**PROBLEM TO WORK ON**
Restate all of the records below exactly. Do not carry over any image.

INFORMATION SUPPLIED below:

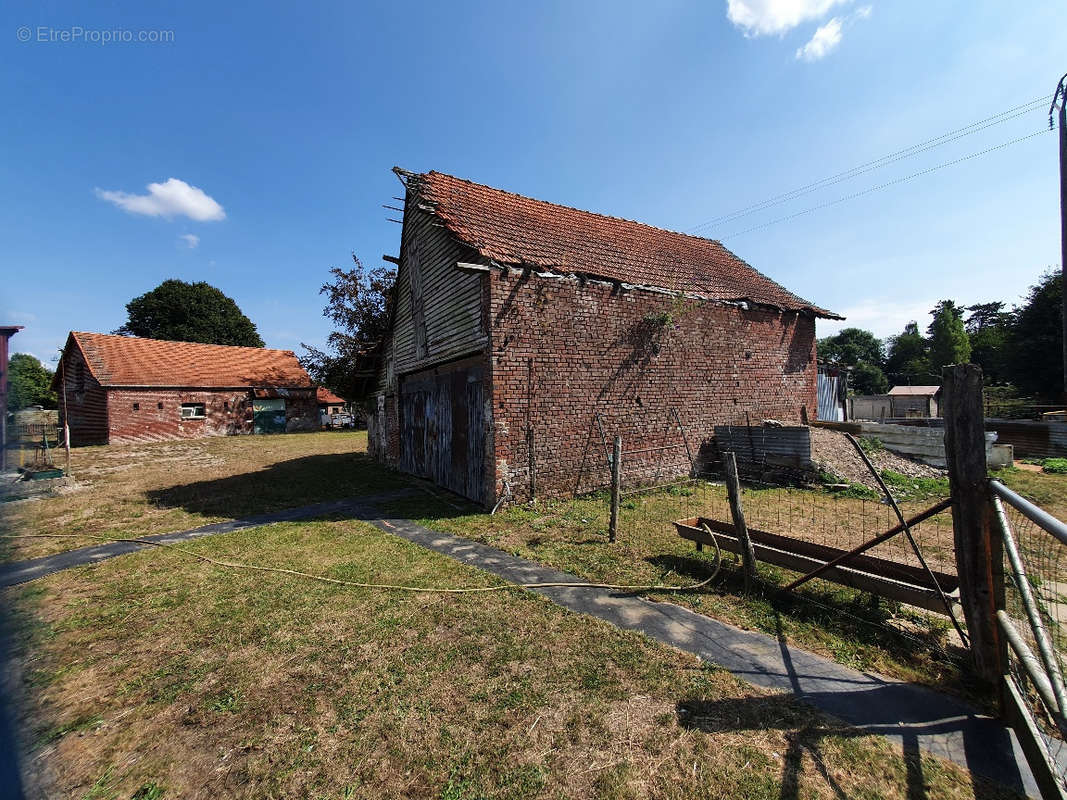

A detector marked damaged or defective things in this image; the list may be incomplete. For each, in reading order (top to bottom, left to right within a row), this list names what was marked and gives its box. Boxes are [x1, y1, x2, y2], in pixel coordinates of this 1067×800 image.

rusty metal gate [394, 358, 486, 504]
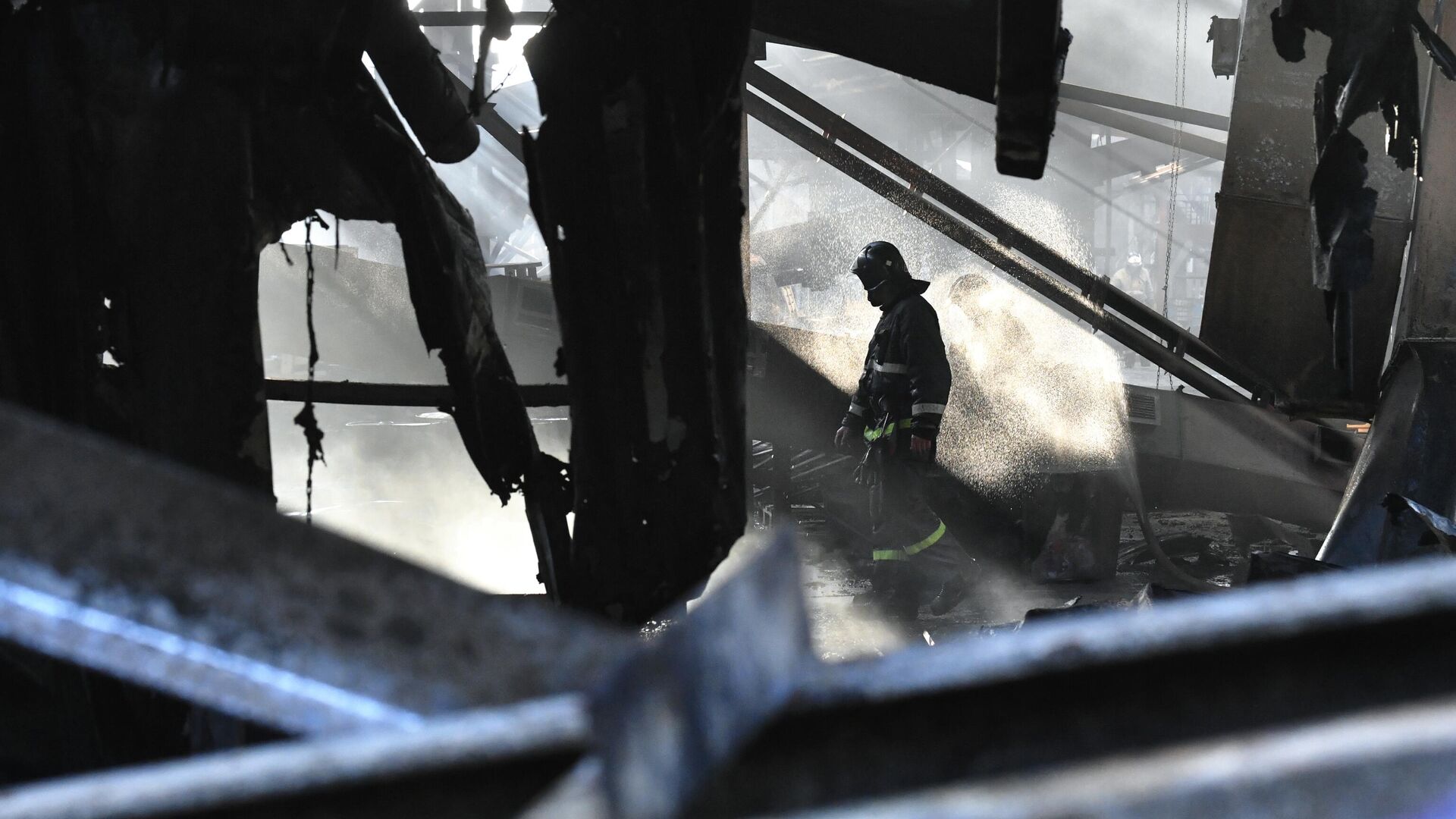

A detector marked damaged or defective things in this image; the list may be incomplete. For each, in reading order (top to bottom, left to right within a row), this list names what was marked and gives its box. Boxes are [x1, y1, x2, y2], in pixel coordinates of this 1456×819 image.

charred metal column [524, 3, 751, 614]
burned steel beam [751, 88, 1252, 402]
burned steel beam [739, 66, 1275, 402]
burned steel beam [0, 399, 632, 728]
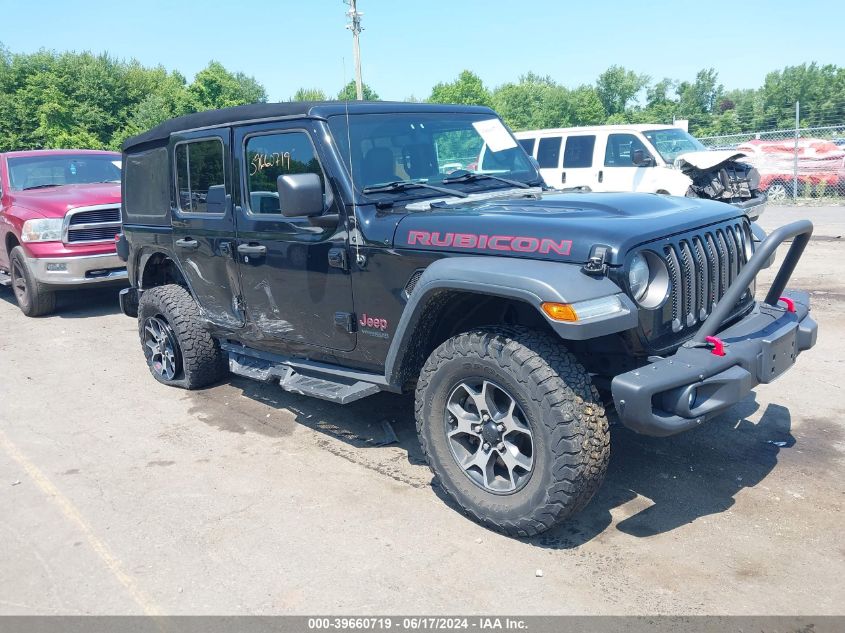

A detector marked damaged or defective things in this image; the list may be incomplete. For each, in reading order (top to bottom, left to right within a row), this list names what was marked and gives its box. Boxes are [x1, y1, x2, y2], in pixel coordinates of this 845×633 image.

damaged vehicle [117, 102, 812, 532]
damaged vehicle [508, 123, 764, 217]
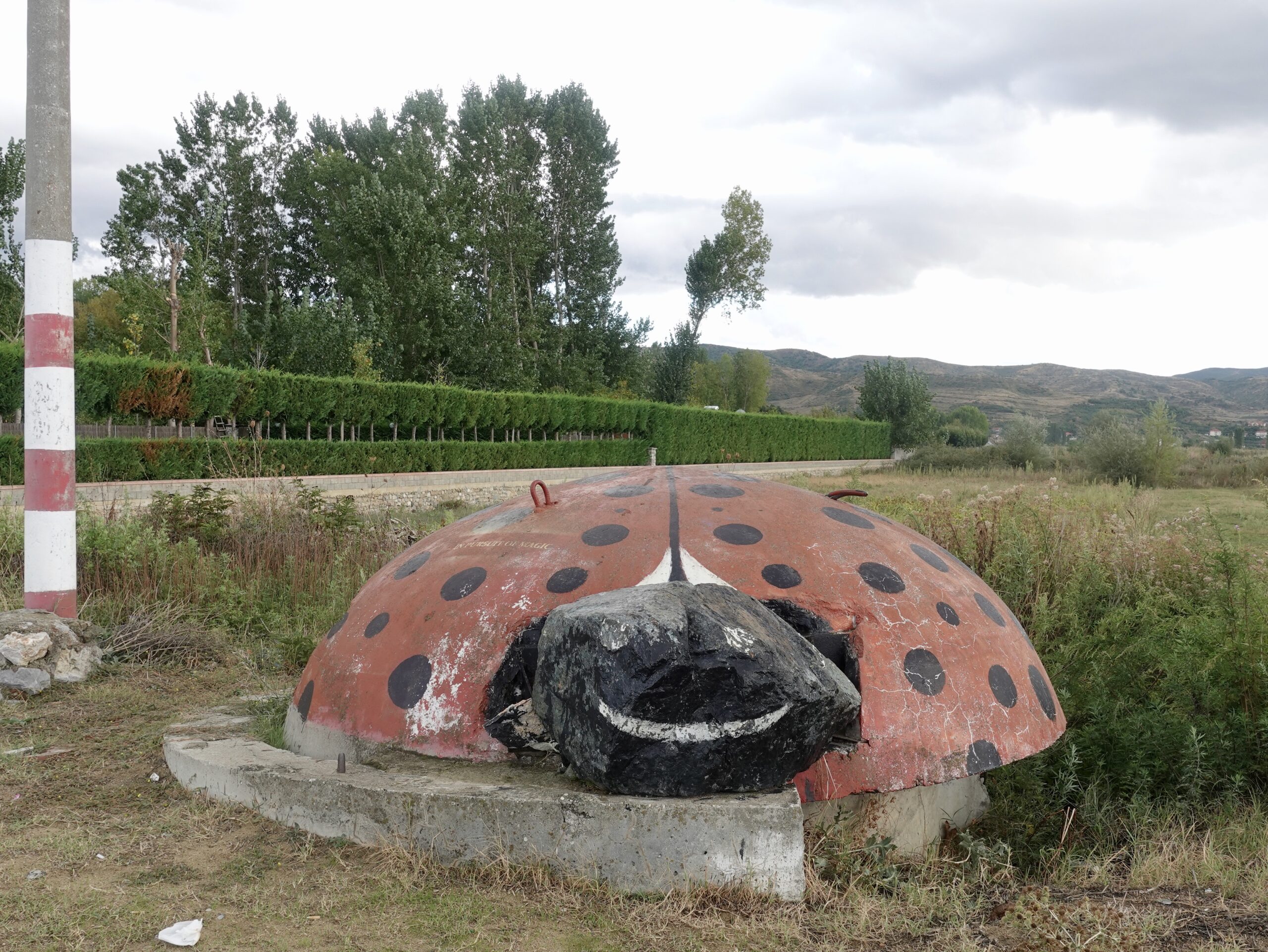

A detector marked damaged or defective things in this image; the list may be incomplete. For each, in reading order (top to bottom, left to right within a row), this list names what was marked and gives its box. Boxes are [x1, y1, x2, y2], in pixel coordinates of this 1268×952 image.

rusty metal hook [531, 479, 559, 507]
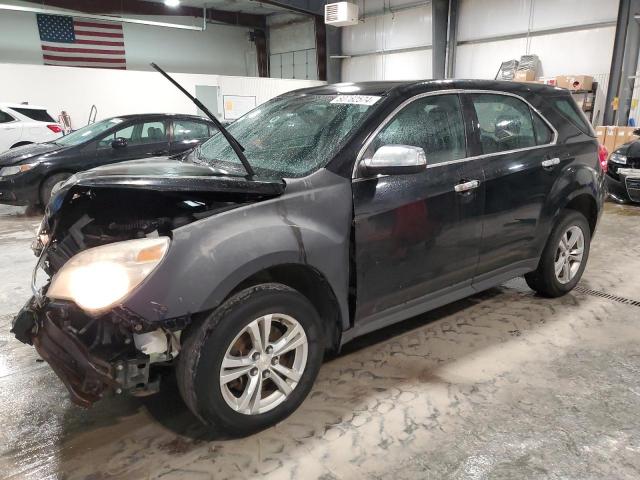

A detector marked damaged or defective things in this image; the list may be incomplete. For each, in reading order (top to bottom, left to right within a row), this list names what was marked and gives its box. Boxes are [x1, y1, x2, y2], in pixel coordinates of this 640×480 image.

front end damage [10, 163, 284, 406]
shattered windshield [192, 93, 378, 177]
damaged chevrolet equinox [13, 74, 604, 436]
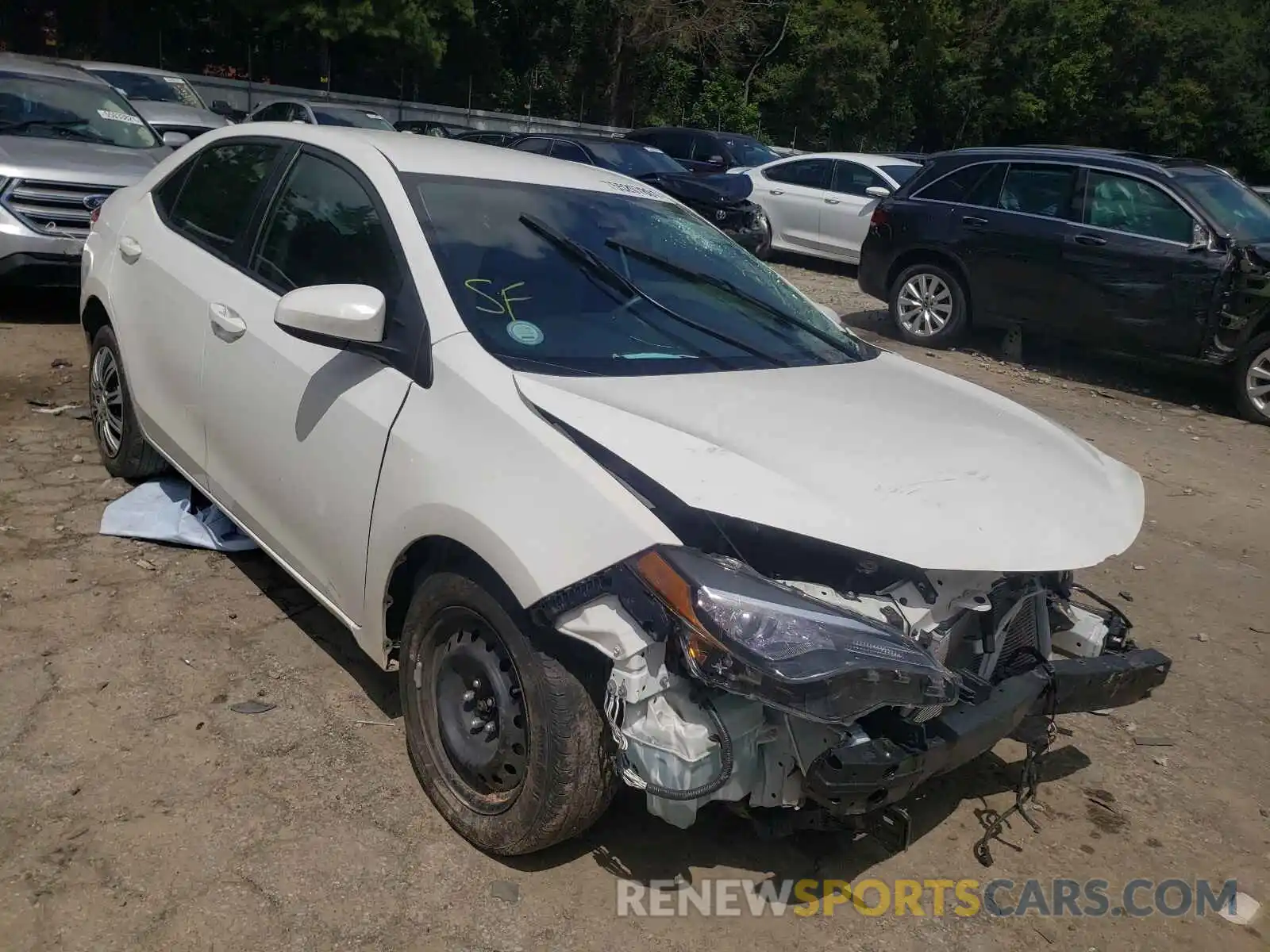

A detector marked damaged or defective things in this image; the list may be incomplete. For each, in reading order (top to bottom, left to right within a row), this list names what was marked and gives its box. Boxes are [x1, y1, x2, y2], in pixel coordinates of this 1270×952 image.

crumpled hood [0, 136, 166, 184]
crumpled hood [132, 99, 229, 129]
crumpled hood [635, 171, 756, 208]
damaged white car [79, 123, 1168, 857]
crumpled hood [511, 351, 1143, 568]
damaged headlight [629, 546, 959, 727]
severe front-end damage [527, 543, 1168, 838]
broken bumper [803, 651, 1168, 812]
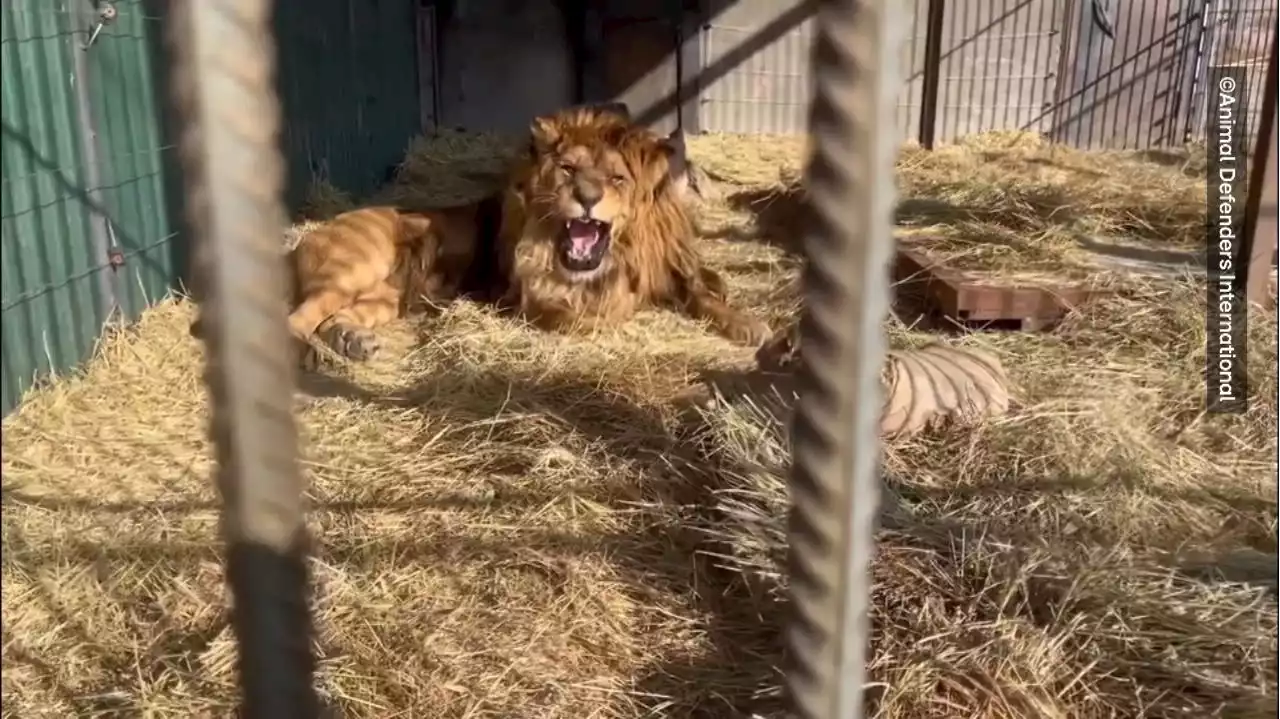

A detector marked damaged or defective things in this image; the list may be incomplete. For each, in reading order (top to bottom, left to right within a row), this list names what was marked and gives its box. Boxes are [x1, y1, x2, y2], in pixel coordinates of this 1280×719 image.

rusty metal bar [165, 2, 320, 711]
rusty metal bar [783, 1, 906, 716]
rusty metal bar [916, 0, 947, 149]
rusty metal bar [1244, 23, 1274, 309]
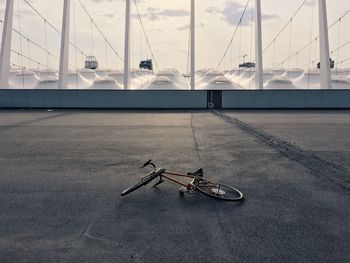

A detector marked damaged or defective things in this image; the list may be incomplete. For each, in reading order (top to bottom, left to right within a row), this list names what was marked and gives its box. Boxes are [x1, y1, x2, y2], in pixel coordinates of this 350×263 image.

crack in asphalt [212, 110, 350, 191]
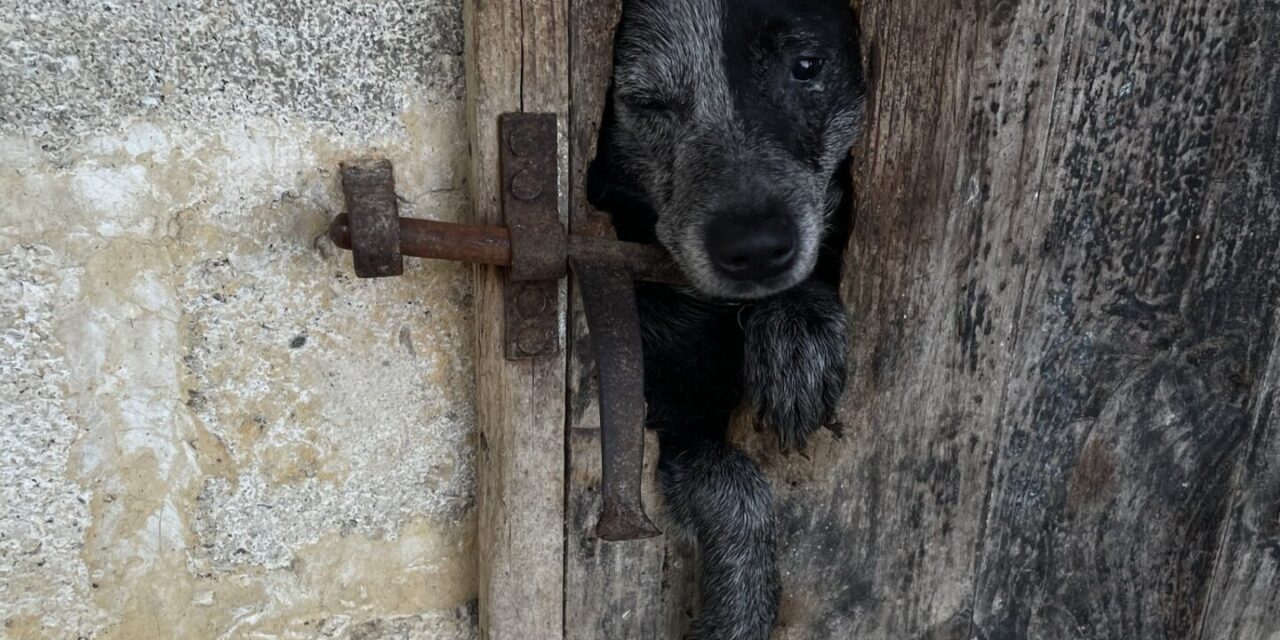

End of INFORMATION SUPPLIED.

**EXPECTED ANSWER**
A detector marked damaged or defective things in this image; the list may be incomplete. For each, in reading order (top to bottom, left to right within a row), this list names what was marked and gives its box. Boxes are [x1, y1, x2, y2], in pixel coordinates of this 1067×800 image.

rusty metal gate [394, 358, 486, 504]

A detector marked damaged or defective things in this image; the list may be incomplete. For each, in reading order (top to bottom, left to right within a row), this list names what was marked and gives its box. Boxes are [x1, y1, x2, y2], in pixel coordinates of this 1456×819 image.

charred metal column [524, 3, 751, 614]
burned steel beam [751, 88, 1252, 402]
burned steel beam [739, 66, 1275, 402]
burned steel beam [0, 399, 632, 728]

A detector marked damaged or defective things in this image; the list may be incomplete. For each, in reading order (top to bottom, left to right within a row), this list names what was marked and gives its box. Boxes are [x1, y1, x2, y2], in pixel coordinates of this 845×633 image.

damaged vehicle [117, 102, 812, 532]
damaged vehicle [508, 123, 764, 217]

A detector marked damaged or defective things in this image; the list may be incomplete. For each, in reading order (top to bottom, left to right within a row), this list names what was marked and gives its box. Boxes are [x1, y1, x2, y2], in pixel coordinates of this 1268×952 image.

rusty metal hook [531, 479, 559, 507]

A detector marked damaged or defective things in this image; the list may be incomplete. For each, in reading order (top to bottom, left to right within a row), this list names what was marked and gives its box. Boxes are [x1, y1, x2, y2], in pixel coordinates of this 640×480 image.

front end damage [10, 163, 284, 406]
shattered windshield [192, 93, 378, 177]
damaged chevrolet equinox [13, 74, 604, 436]

A detector marked damaged or defective things in this image; the list may be incomplete. For each, in reading order (top to bottom, left to right within a row), this list names what was marked and gives its box. Boxes are [x1, y1, x2, y2], in pixel coordinates of this 1270×952 image.

crumpled hood [0, 136, 166, 184]
crumpled hood [132, 99, 229, 129]
crumpled hood [635, 171, 756, 208]
damaged white car [79, 123, 1168, 857]
crumpled hood [511, 351, 1143, 568]
damaged headlight [629, 546, 959, 727]
severe front-end damage [527, 543, 1168, 838]
broken bumper [803, 651, 1168, 812]

A detector marked damaged or defective things in this image; the list may be incomplete. For each, in reading order (top to bottom, left to right within a row), this list names what was marked and gives its box. Boxes are [x1, y1, x2, y2], in pixel coordinates of this 1280×719 image.

rusty metal bar [165, 2, 320, 711]
rusty metal bar [783, 1, 906, 716]
rusty metal bar [916, 0, 947, 149]
rusty metal bar [1244, 23, 1274, 309]

A detector marked damaged or defective things in this image; the list may be incomplete. For each, in reading order (top to bottom, left to right within a row), this list names what was marked and gives its box. Boxes are [x1, y1, x2, y2], in pixel coordinates of this 350×263 image.

crack in asphalt [212, 110, 350, 191]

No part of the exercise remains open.